- **Exercise objective**
Working from the records beneath this line, reproduce each one exactly.

- **Data for this task**
+ + + + +

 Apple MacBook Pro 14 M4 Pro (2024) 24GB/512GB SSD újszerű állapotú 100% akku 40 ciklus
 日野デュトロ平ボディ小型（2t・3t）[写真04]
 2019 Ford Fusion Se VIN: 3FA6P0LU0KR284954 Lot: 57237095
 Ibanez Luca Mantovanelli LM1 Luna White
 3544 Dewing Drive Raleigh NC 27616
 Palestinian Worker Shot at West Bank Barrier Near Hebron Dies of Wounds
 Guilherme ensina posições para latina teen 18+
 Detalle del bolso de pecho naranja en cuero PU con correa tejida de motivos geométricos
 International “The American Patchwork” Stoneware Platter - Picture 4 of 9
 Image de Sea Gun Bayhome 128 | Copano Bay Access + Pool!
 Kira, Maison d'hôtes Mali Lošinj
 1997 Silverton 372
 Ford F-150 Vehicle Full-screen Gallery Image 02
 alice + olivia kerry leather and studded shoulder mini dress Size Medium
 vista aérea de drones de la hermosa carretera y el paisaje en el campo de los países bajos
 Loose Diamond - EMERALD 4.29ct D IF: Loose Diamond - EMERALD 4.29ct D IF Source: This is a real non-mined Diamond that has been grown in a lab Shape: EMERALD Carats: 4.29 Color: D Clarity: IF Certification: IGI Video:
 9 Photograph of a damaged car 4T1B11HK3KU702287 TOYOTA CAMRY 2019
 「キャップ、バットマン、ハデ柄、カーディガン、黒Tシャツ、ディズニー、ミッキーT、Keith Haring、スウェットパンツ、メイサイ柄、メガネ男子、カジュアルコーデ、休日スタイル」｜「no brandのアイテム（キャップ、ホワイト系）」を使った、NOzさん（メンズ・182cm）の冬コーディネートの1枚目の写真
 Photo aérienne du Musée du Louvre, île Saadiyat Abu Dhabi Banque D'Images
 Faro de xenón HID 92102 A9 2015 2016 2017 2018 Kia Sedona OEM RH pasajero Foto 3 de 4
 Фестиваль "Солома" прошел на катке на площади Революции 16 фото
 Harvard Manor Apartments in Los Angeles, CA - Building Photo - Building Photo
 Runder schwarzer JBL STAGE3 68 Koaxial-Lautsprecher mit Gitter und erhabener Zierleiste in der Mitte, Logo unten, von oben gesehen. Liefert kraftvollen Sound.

+ + + + +

- **Response to this exercise**
 Apple MacBook Pro 14 M4 Pro (2024) 24GB/512GB SSD újszerű állapotú 100% akku 40 ciklus
 日野デュトロ平ボディ小型（2t・3t）[写真04]
 2019 Ford Fusion Se VIN: 3FA6P0LU0KR284954 Lot: 57237095
 Ibanez Luca Mantovanelli LM1 Luna White
 3544 Dewing Drive Raleigh NC 27616
 Palestinian Worker Shot at West Bank Barrier Near Hebron Dies of Wounds
 Guilherme ensina posições para latina teen 18+
 Detalle del bolso de pecho naranja en cuero PU con correa tejida de motivos geométricos
 International “The American Patchwork” Stoneware Platter - Picture 4 of 9
 Image de Sea Gun Bayhome 128 | Copano Bay Access + Pool!
 Kira, Maison d'hôtes Mali Lošinj
 1997 Silverton 372
 Ford F-150 Vehicle Full-screen Gallery Image 02
 alice + olivia kerry leather and studded shoulder mini dress Size Medium
 vista aérea de drones de la hermosa carretera y el paisaje en el campo de los países bajos
 Loose Diamond - EMERALD 4.29ct D IF: Loose Diamond - EMERALD 4.29ct D IF Source: This is a real non-mined Diamond that has been grown in a lab Shape: EMERALD Carats: 4.29 Color: D Clarity: IF Certification: IGI Video:
 9 Photograph of a damaged car 4T1B11HK3KU702287 TOYOTA CAMRY 2019
 「キャップ、バットマン、ハデ柄、カーディガン、黒Tシャツ、ディズニー、ミッキーT、Keith Haring、スウェットパンツ、メイサイ柄、メガネ男子、カジュアルコーデ、休日スタイル」｜「no brandのアイテム（キャップ、ホワイト系）」を使った、NOzさん（メンズ・182cm）の冬コーディネートの1枚目の写真
 Photo aérienne du Musée du Louvre, île Saadiyat Abu Dhabi Banque D'Images
 Faro de xenón HID 92102 A9 2015 2016 2017 2018 Kia Sedona OEM RH pasajero Foto 3 de 4
 Фестиваль "Солома" прошел на катке на площади Революции 16 фото
 Harvard Manor Apartments in Los Angeles, CA - Building Photo - Building Photo
 Runder schwarzer JBL STAGE3 68 Koaxial-Lautsprecher mit Gitter und erhabener Zierleiste in der Mitte, Logo unten, von oben gesehen. Liefert kraftvollen Sound.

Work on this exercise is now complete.